An appeal is a review of the trial court's decision by another court. A party may appeal an unfavorable judgment and certain orders. Generally, the appeal must be based on an argument that a legal error was made by the trial court.

An appeal is not a retrial. You will not be permitted to introduce new evidence, and the appellate court will not reassess conflicting evidence.

You may not appeal on behalf of a friend, a spouse, a child, or other relative (unless you are a legally appointed guardian).

The party who files the appeal is called the appellant. The opposing parties are the respondents.


Filing a Notice of Appeal
The first step in an appeal is filing the written Notice of Appeal. This notice tells the other parties in the case and the court that you are appealing a decision of the trial court.

The Notice of Appeal must be filed with the Appeals Unit before the filing deadline. For example, the Notice of Appeal in a felony case must be filed within 60 calendar days after sentencing [CRC 8.308]. To find the filing deadline for your case, see the California Rules of Court, Rules 8.1-8.793.

The Notice of Appeal may be written on pleading paper or can be made by completing the form specific to your type of appeal. Below are links to the more commonly used forms. Other forms can be found on the Judicial Council's web site . There are other time limits and regulations in proceeding with an appeal. Read the California Rules of Court to verify that you are meeting the timelines for every step. Failure to meet deadlines may result in dismissal of your appeal.
Time Lines for Filing an Appeal
Criminal Appeal - Felony 60 days from the date of sentence
Criminal Appeal-Misdemeanor 30 days from the date of sentence
Juvenile Dependency/Delinquency 60 days from the date of disposition
Traffic – Infraction 30 days from the date of sentence
Civil – Unlimited 60 days from the date of mailing of the Notice of Entry of Judgment or if notice is not mailed, 180 days from the date of entry of judgment [Reference California Rules of Court 8.100; 8.104]
Civil – Limited 30 days from the date of mailing of the Notice of Entry of Judgment or if notice is not mailed, 90 days from the entry of judgment [Reference California Rules of Court 8.751; 8.752]
Family Law/Probate/Adoption 60 days from the date of mailing of the Notice of Entry of Judgment or if notice is not mailed, 180 days from the date of entry of judgment [Reference CRC 8.100; 8.104]
Small Claims (Rehearing) 15 days from the date of entry of judgment [Reference CRC 8.708(c)]

Fees & Fee Waivers
The filing fees for the Notice of Appeal can be found on the court's fee schedule. Checks or money orders should be made payable to Superior Court of California, County of Monterey. Note: There is a separate filing fee of $655 to be paid to the Court of Appeal.

If you cannot afford to pay the filing fees and other court costs, you may qualify for a waiver of those costs Failure to pay the filing fee or obtain a waiver may result in dismissal of your appeal.
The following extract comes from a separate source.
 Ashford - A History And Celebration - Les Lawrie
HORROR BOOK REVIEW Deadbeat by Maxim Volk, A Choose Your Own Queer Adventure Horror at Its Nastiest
Designation of Transcripts
Since the appellate court was not present at the trial or other proceedings, there must be an official record of the proceedings for the court to review in assessing the appeal. In criminal appeals, the court will prepare the standard record as specified in the California Rules of Court, unless the trial judge has granted a request for additional items.
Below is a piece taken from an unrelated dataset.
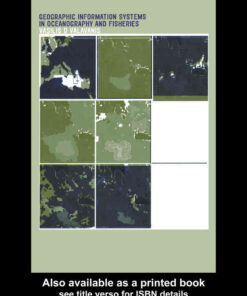 Geographic Information Systems in Oceanography and Fisheries, 1st Edition eBook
In civil appeals, the appellant must tell the trial court what documents and oral proceedings, if any, to include in the record that will be sent to the appellate court. This is done by filing a Judicial Council Notice Designating the Record on Appeal. The appellant's failure to file this notice may result in dismissal of the appeal. The respondent may also request documents by filing a Notice Designating the Record on Appeal; however, failure to do so will not affect the appeal.

Clerk's Transcript
The Clerk's Transcript is a compilation of the documents filed in the trial court. In criminal appeals, the Clerk's Transcript will include those documents required by the California Rules of Court. In civil appeals, you must designate each document you want included by its title and filing date. If the filing date is not known, the date the document was signed may be used instead.
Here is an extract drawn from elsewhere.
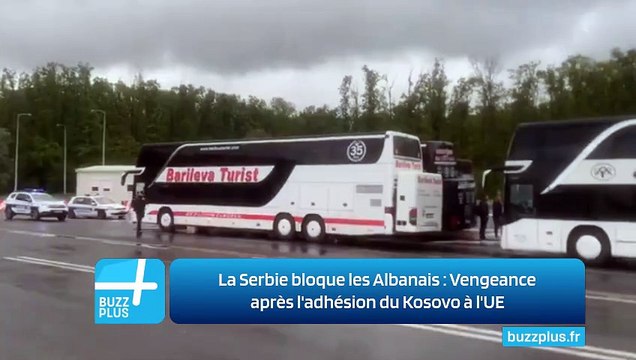 La Serbie bloque les Albanais : Vengeance après l'adhésion du Kosovo à l'UE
The superior court clerk will send the parties a bill for the cost of preparing the Clerk's Transcript. The appellant is responsible for paying for the appellate court's copy as well as his own copy. The respondent may buy a copy of the transcript, but is not obligated to do so. Costs must be paid within 10 days or the appeal may be dismissed. (There is no charge for preparing the Clerk's Transcript in felony and death penalty appeals.)

Reporter's Transcript
A Reporter's Transcript is a written record (often called the "verbatim" record) of the oral proceedings in the trial court. A reporter's transcript is not required but is usually necessary. In felony and death penalty appeals, the Reporter's Transcript will include those hearing dates required by the California Rules of Court. In all other appeals, you must designate each date to be included.

With the notice designating the Reporter's Transcript, you must deposit the approximate cost of transcribing the proceedings designated. The cost of the Reporter’s Transcript is $325 per fraction of a day for less than three hours of court time or $655 per day for more than three hours of court time.


Briefs
A brief is a party's written description of the facts in the case, the relevant law, and the party's argument. The brief must clearly explain, using references to the Clerk's and Reporter's Transcripts, the claimed legal errors in the trial court proceedings.

After the record is filed in the appellate court, you will receive a notice telling you when to file your brief. Read the notice carefully for directions on length and service. The appellant's failure to file an opening brief may result in dismissal of the appeal.


Hearings
When the record is filed in the appellate court, you will receive notice of the time and location for oral argument. This hearing will be set far enough in advance to allow time to get all briefs filed.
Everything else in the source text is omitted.